Terrible roads, great view.


At the plaza, drinking Horchata.... Wait. That's not how the song goes!


In one of my prouder moments I tried to get the hotel guy to lower the price of the rooms because there we would be taking 2 rooms for 2 nights. In the end I did get him to lower one of the rooms down from 500 to 450! But not the other because we were 3 people. Here's what 3 bikes and gear look like in a hotel room. I thought we'd feel cramped, but even with three people, bikes, and gear it feels spacious. It's safe to say I am used to living without "modern comforts."




Around Lake Taho I saw tons of bumper stickers that said "Keep Tahoe Blue." I still don't know what it's all about, but obviously it has to do with preserving Lake Tahoe. And so with that, I bring you the Mexican win of the day:



Day 114-115: Viscaino to San Ignacio

October 14: 45ish miles

Check out the sunburn! Never had that one before. 
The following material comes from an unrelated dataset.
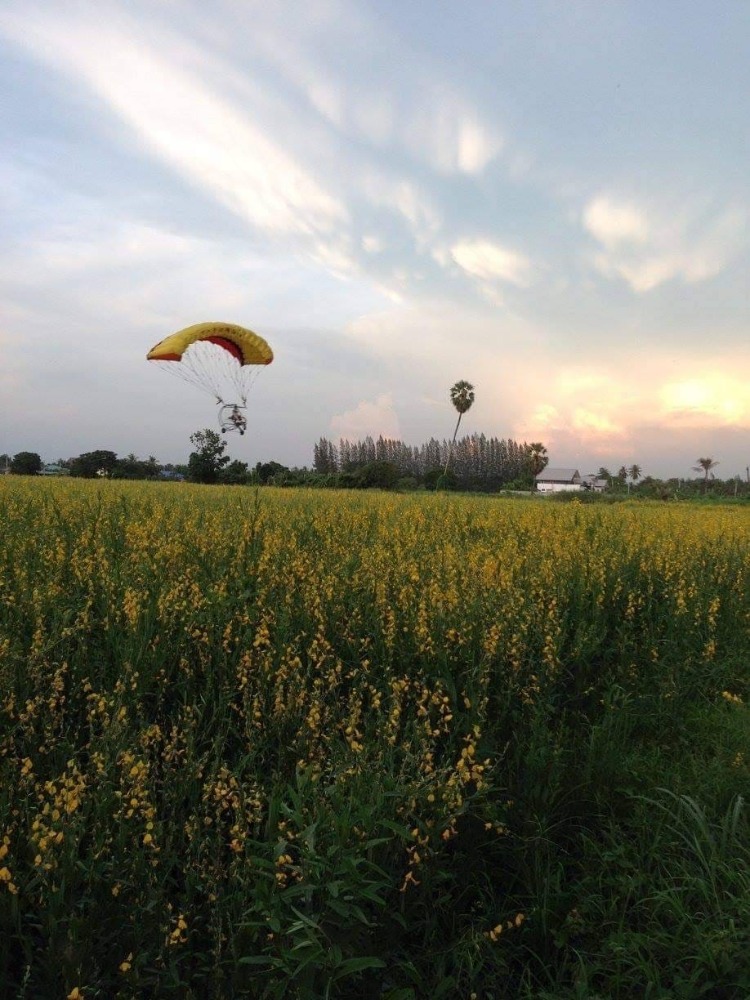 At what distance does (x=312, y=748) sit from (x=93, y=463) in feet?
150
The last two days of riding have been wonderful. The scenery, which has always been beautifully green desert, only gets better as we see more mountains and finally, in Santa Rosalia, the Sea of Cortez. And added to that I have the new company of Mano, Tanya, Spencer, and Kate.

Mano (spelling may be wrong) from Holland

Daisy and Jason Philtron

Kate and Spencer

The Philtrons again

Military Man marking the military checkpoints
Day 114 concluded with a reunion of the Philtrons, the Canucks, and Antonie and me in San Ignacio. San Ignacio is a charming little down that has been a victim to the recent hurricanes. We talked with a man as equally charming as the 18th century cathedral across from the central plaza, who told us about the how the hurricane flooded the town and destroyed all the camping areas, in addition to other buildings. We hadn't found Antonie who had rode ahead of us, and when I asked if he had seen him and jokingly added that he had abandoned me for the third time (he hadn't actually ever abandoned me, although one night I thought I lost him but the truth was I didn't see his bike and went 3 miles past the campground he was at) the charming Mexican man said that no friend would abandon me 3 times, and if they saw him they would lynch him. 

He had great recommendations, and so we went to his first which was the town's main plaza which is across the street from a beautiful old church from the (I think he said early) 1700s.


I love seeing so many bikes in one place!


Hurricane damage:


We paid a low price to camp in front of the hotel. It turned out to be a bustling place, not to mention the busy farm animals. We even saw a cow and horse brought across the field.

That turkey really wanted some from the females, but they weren't giving it.



As much as these buggers annoy me when they wake me up in the morning, I have fond memories of being awoken by roosters, so I still smile a little bit.